Natalie’s fight for life becomes a desperate odyssey as she and Rams make their way through a hostile landscape filled with dangers beyond their worst nightmares—terrifying, strange, and sometimes deadly challenges that push them to the brink.
There are elephants at the Southwick Zoo maybe thirty miles west, and Natalie hopes those fuckers are on lockdown.
My introduction to Paul Tremblay was A Head Full of Ghosts, which I absolutely adored. I’ve since read two more of his horror novels, and his newest short story collection; my experiences with the 3 varied slightly but I’m still a fan of Tremblay’s. I was particularly looking forward to this novel because I have a rabies phobia and could not imagine many things more terrifying than a super rabies epidemic. To read this during a worldwide pandemic was even more compelling.
Tremblay really hit it out of the park with this one. I picked my copy up as soon as I got home from the bookstore and literally didn’t put it down until I hit the last page. The entire story takes place in the span of just a few hours and there is such an urgency to it that I couldn’t imagine going to bed without finishing it.

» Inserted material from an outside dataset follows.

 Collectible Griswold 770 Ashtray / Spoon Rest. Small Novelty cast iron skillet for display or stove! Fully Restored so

This is really a twist on the traditional zombie story; those who are bitten by a carrier of the super rabies experience symptoms within an hour, compared to the traditional weeks one has with rabies as we know it. This means the virus in this story is spread remarkably quickly, leading those infected to become extremely violent and uncontainable. While the story itself is certainly action-packed, I found the ‘zombie’ story itself secondary to the characters. This is far more a story about the friendship between two women, and the lengths one will go to in order to save a loved one than it is a story about zombies.

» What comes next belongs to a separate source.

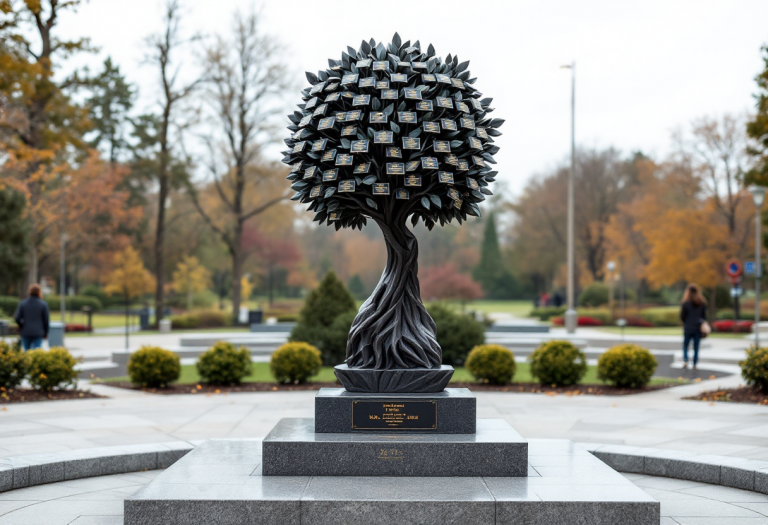 Meghan Markle e Harry in un gesto di solidarietà al memoriale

And god, some of the pieces of this were prophetic as hell. At one point we meet a group of right wingers who insist that the virus is biowarfare unleashed by foreign countries — or by our own government, as a means of pushing vaccines. I’m sure some people will see these as caricatures but I honestly felt like I was seeing some of my relatives portrayed on the page. Even more: the panic and anger and fear of healthcare workers given insufficient training and even more insufficient PPE had me grimacing in sympathy, knowing that this was the case in my own country just a couple months ago.

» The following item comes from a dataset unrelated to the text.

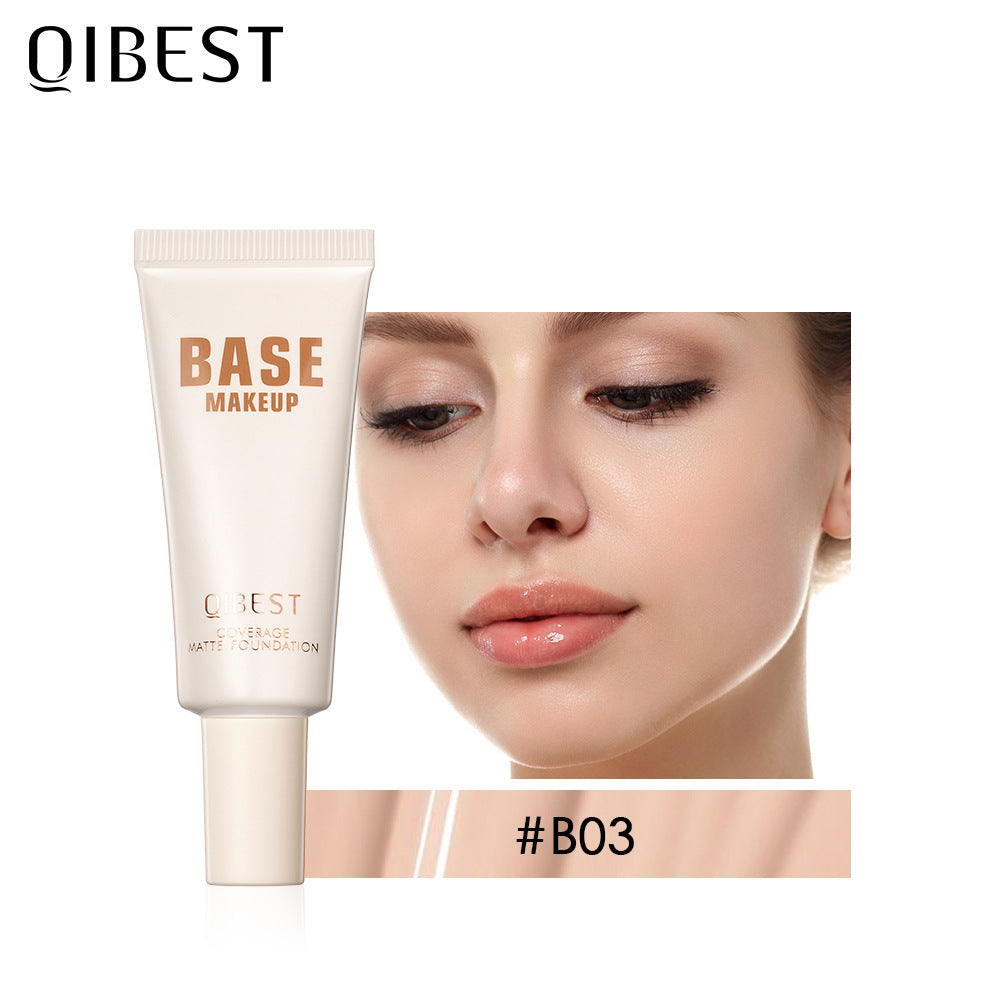 QIBEST Liquid Foundation Moisturizing Light Breathable Refreshing BB Cream Even Skin Tone Concealer - V.I.P Digital Presence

Like I said above, the characters are really what made this for me. Rams, one of the POV characters, is a British biracial self-identified asexual woman (who I also read as aromantic). Natalie is a pregnant spitfire of a woman. I loved their relationship and felt like Tremblay did an incredible job of portraying what felt like a very real friendship. I was also delighted and surprised by the appearance of two characters from Disappearance at Devil’s Rock. While the two are not at all plot-dependent, I think one would struggle to connect with these characters and would find a specific interlude to be much less emotionally impactful if one had not read Disappearance. The discussions in this book also spoil some of the events in Disappearance, so I would highly recommend reading that first if it’s on your TBR!
Anyway, yeah, I just loved this book. I’m so impressed with Tremblay and am really looking forward to seeing whatever he puts out next!
content warnings: violence against animals and humans; animal [and human] death; gore; racism and xenophobia (challenged on page); death of a loved one.